Siempre que recuerdo mi niñez, pienso
en aquel verano cuando contaba con ocho o nueve años, a lo sumo, diez.
Fue en enero, en el
apogeo de una tarde calurosa, cuando mis primos y yo nos secábamos en grandes
toallas luego de un chapuzón en la piscina. Mis ojos se habían irritado por el
exceso de cloro y comíamos sándwiches de atún con jugo de naranja. Mi prima Margarita
estaba en el borde de la parte más profunda de la piscina con las piernas
sumergidas en el agua y sus hermanos me acompañaban en la mesa del patio. Los
rayos de sol llegaban en un ángulo oblicuo hasta nosotros y de poco nos servía
el quitasol.
Javier, mi hermano
menor, se había comido el último pedazo de su sándwich y lo bajaba con un sorbo
de jugo cuando, de pronto, Margarita pegó un grito que destempló a todos.
Nos acercamos a ver
qué le había pasado y descubrimos que a su lado había una enorme araña —la
cual, ante el peligro, se mantenía quieta sin la menor vacilación—, cosa poco usual en el hogar de mis primos; mi tía se
caracterizaba por mantener limpio todo rincón interior y exterior de su casa.
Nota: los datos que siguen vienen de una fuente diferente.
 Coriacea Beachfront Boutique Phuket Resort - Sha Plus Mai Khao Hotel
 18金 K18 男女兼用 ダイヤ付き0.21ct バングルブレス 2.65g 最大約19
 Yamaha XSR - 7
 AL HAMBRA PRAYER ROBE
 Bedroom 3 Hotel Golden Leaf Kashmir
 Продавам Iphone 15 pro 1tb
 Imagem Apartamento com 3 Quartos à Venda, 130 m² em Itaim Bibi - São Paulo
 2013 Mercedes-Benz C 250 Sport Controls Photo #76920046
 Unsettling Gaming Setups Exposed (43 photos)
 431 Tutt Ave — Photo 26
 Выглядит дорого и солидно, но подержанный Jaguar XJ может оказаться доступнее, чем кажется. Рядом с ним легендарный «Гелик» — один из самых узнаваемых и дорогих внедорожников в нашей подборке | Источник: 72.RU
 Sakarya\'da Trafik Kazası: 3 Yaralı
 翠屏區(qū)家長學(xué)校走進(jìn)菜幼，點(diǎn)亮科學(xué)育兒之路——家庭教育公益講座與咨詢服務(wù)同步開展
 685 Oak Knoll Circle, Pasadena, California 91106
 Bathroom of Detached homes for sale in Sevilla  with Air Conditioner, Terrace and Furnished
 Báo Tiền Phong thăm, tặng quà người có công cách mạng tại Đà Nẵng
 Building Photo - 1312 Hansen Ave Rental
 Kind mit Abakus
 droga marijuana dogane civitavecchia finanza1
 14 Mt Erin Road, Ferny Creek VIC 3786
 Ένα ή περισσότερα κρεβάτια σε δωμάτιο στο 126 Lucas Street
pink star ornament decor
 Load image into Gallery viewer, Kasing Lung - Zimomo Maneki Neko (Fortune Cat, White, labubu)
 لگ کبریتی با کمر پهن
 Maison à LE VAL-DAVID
Margarita terminó por sumergirse, lloriqueando, en la piscina y chapoteó hasta
el otro extremo donde fue recibida por su madre y la mía, quienes se habían
acercado a ver qué pasaba.
Poco podrían ver,
porque los hombres habíamos formado un corro alrededor del arácnido. Mi primo
Francisco había cortado una ramita del cerezo y empujaba al animal suavemente,
queriendo sacarlo de su parálisis. La araña se movió apenas, con pesadez poco
usual en estos bichos. Fue Javier quien, finalmente, se percató de que no se
trataba de un arácnido común y corriente; su abdomen era bastante chato, algo
cuadrado, y sus patas eran muy largas incluso para una araña.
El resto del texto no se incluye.